Canadian Dermatology Association’s free skin cancer screening clinic next Saturday (July 22)

CURIOUS about that mole or changing freckle? Now is the time to get it checked out by a dermatologist for free – and put any concerns to rest – at the annual skin cancer screening clinic.

The clinic is being held at the Vancouver Aquatic Centre on Saturday, July 22, from 10 a.m. to 1 p.m. No appointment is necessary. All participating dermatologists and dermatology residents are volunteering their time at the skin cancer screening clinic, hosted by the Canadian Dermatology Association as part of their Sun Awareness Program.

“Clinics like this one are important because it allows us to educate people and potentially catch skin cancer early while it’s still highly treatable,” said Dr. Jason Rivers, one of Canada’s leading experts in melanoma. “Members of the community have the opportunity to meet with a dermatologist or dermatology resident without a referral, and learn about skin cancer screening.

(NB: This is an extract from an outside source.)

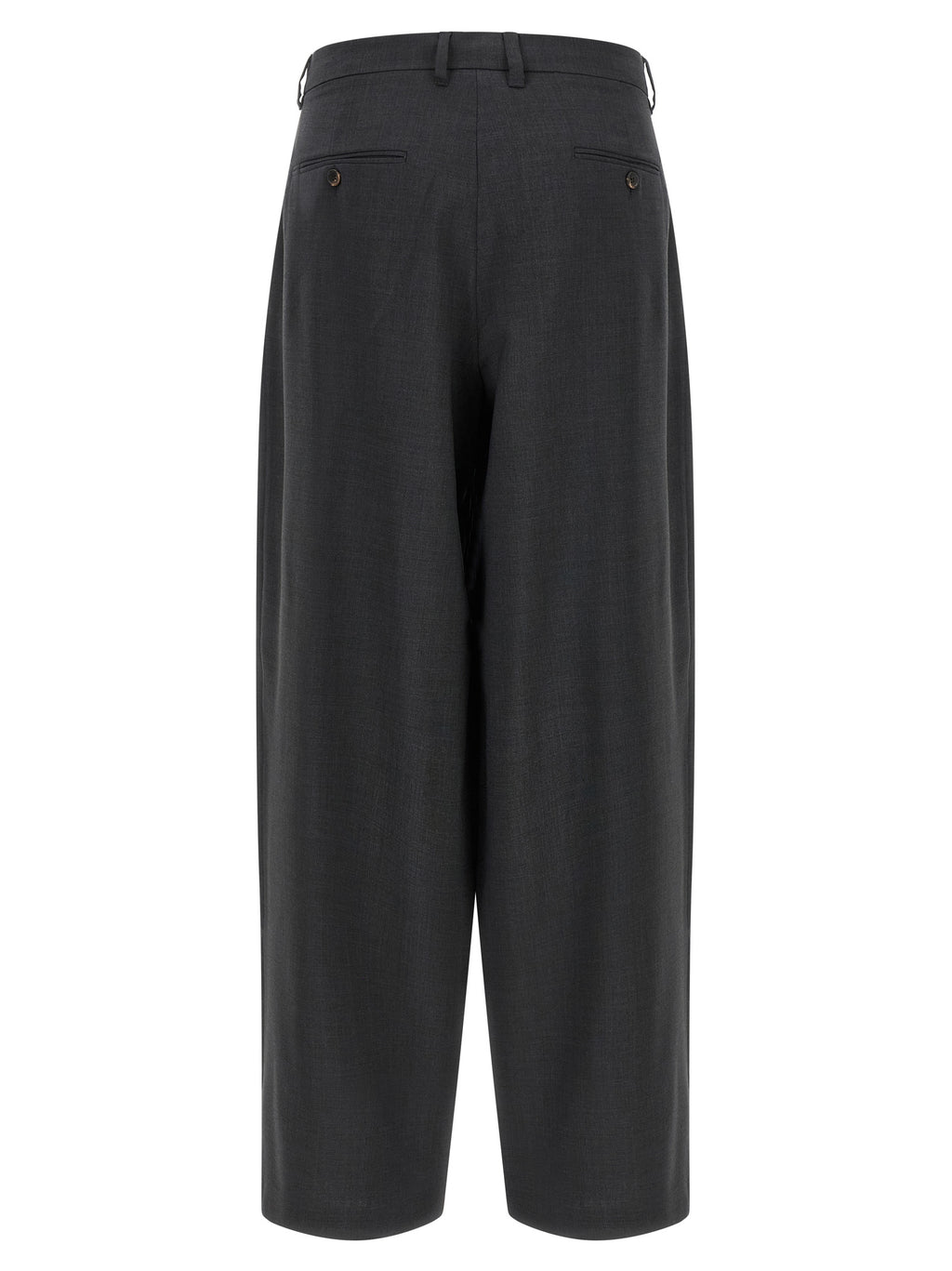 'S Max Mara Gray Wool Dress Pants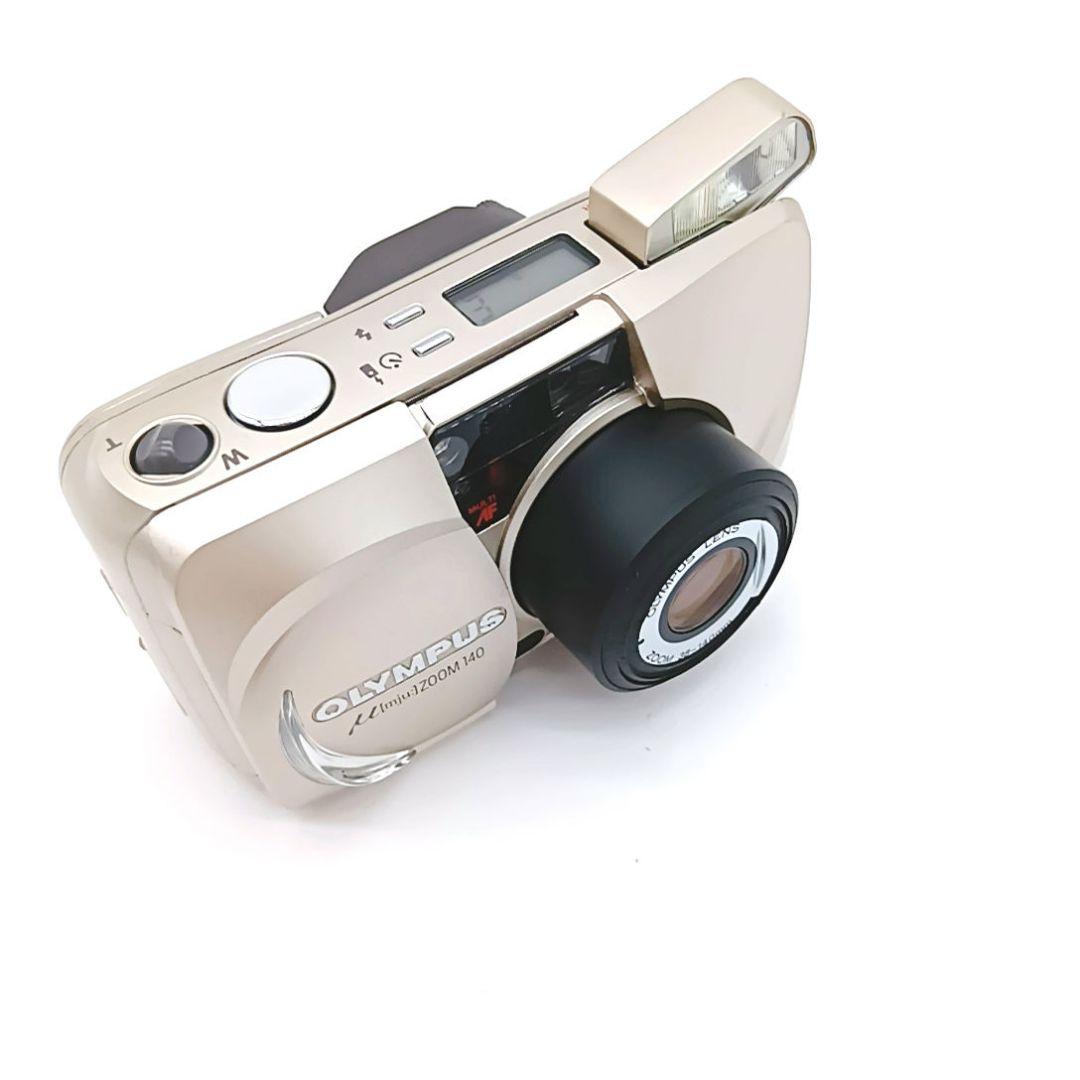 美品 OLYMPUS μ ZOOM 140 ミュー【mju】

“Screening is important as skin cancer can occur on places not readily visible like the back, behind the ears and between the toes. Unfortunately, skin cancer is the most common cancer diagnosed in Canada. Each year more than 85,000 Canadians are diagnosed with skin cancer, a number eight times the population of Whistler. Our latest figures report that approximately 6,800 Canadians received a melanoma diagnosis in 2015.

“It’s important to remember that people should wear sunscreen, a hat and sunglasses before heading outdoors, whether they are going to the beach, taking a walk or hiking the mountains.”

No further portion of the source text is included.